@Poppositions, Brussels / EKKM’s E-residency #1: Residency & Non-residency



EKKM’s E-residency #1: Residency & Non-residency is an infrastructural project by the Contemporary Art Museum of Estonia (EKKM) in collaboration with French-Estonian artist Eléonore de Montesquiou for POPPOSITIONS off-fair 2018, In Watermelon Sugar.

Being an already established national buzzword, “e-Residency” as a governmental project has become to symbolise Estonia’s aim in creating a “new digital nation”, by providing digital citizenship and access to its digital services for all interested parties. As the slogan goes: “E-Residency is a new digital nation for global citizens, powered by the Republic of Estonia.” As the e-Residency is not legally a citizenship, a digital nation of non-residents is in the making.

EKKM’s E-residency plays on this twofold notion of residency by creating a digital artist residency and inviting an artist for an intensive 5-day digital commitment.

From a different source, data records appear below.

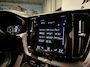 Volvo XC60 2.0 T8 Twin Engine AWD Inscription R-DESIGN HYBRIDE PANO 360 HEAD-UP ACC ASSIST LUCHTVERING NAP GARANTIE APK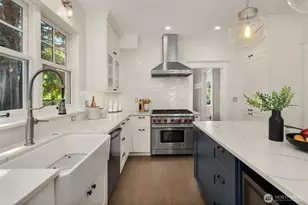 2442 6th Ave W, Seattle, WA 98119 - Photo 10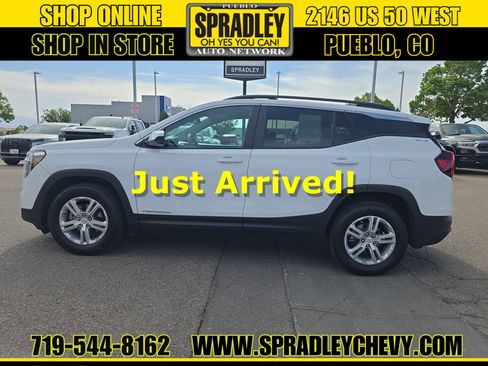 Used 2022 GMC Terrain SLE w/ Driver Convenience Package AWD/4WD image 1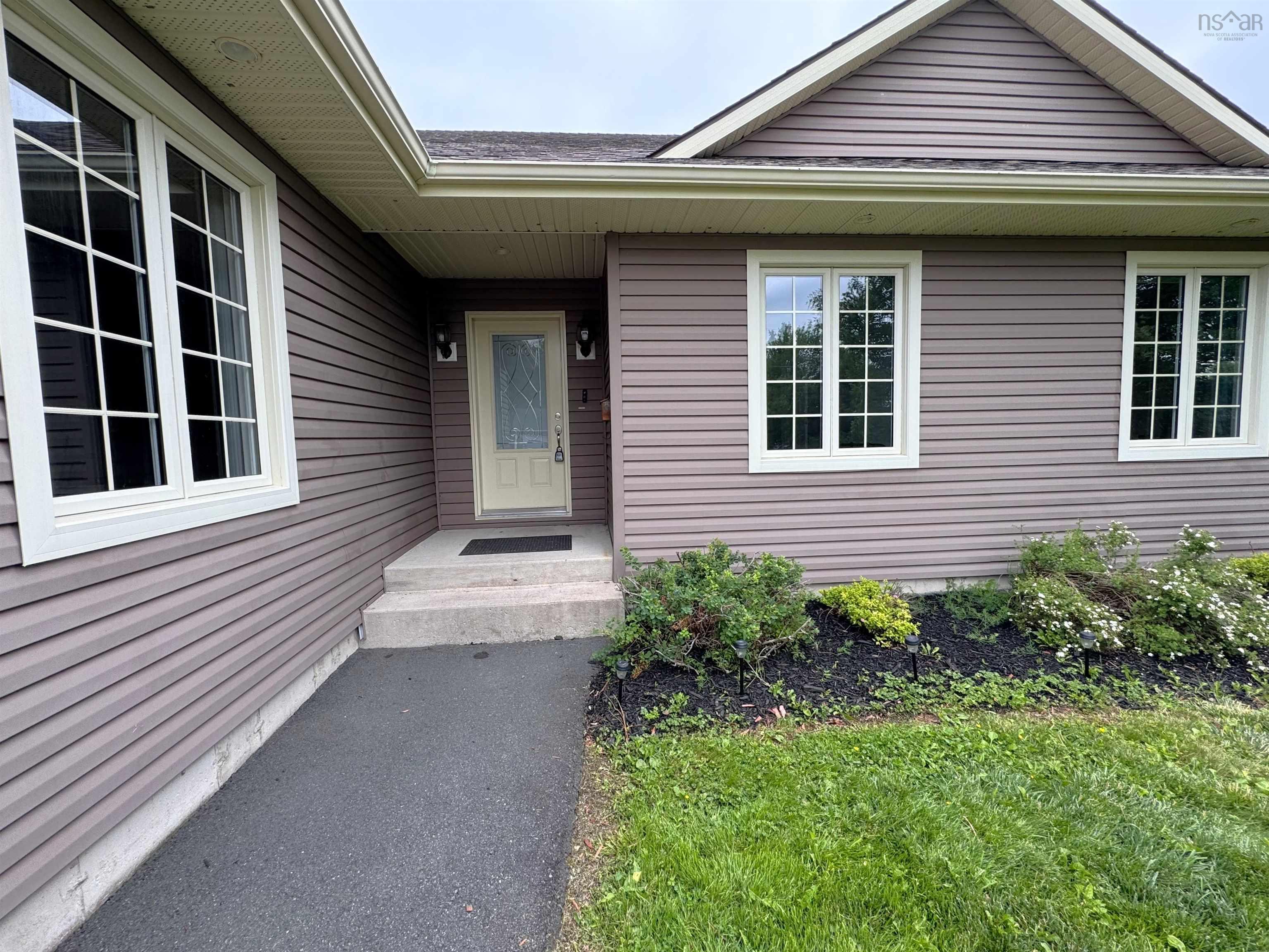 $489,900.00: 9 Rowan Avenue, New Glasgow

Being also conceived as a performative project, the E-residency unfolds as a working relationship between the institution and the artist during the opening hours of POPPOSITIONS. The content of this project does not only rely on the artist and the works presented, but also on the (infra)structure provided for, as well as the content generated during the residency. On display, as far as this word can be used, are not only works but also the work.

The setting of the residency format is edition-specific, with the #1 deriving from the films of de Montesquiou and being based on the conjugal space of Harku Detention Centre, the only immigration detention centre in Estonia. The content of the residency evolves around the conditions of the detainees (violations of human rights, denied Internet access and essential privacy, etc), while juxtaposing it with the framework of the national e-Residency programme, i.e. contrasting the situations of both of these de jure non-residents.

What happens when and while we lose or put aside our physicality? 

What happens when physicality is all that remains? 

In what way (if at all) is the host accountable for its non-residents and how drastically can it differ within one “nation”? 

Does the suggested format of EKKM’s E-residency differ in any way from the already established precarious as well as mobile working conditions of artists and what might be the importance of physical presence after all? 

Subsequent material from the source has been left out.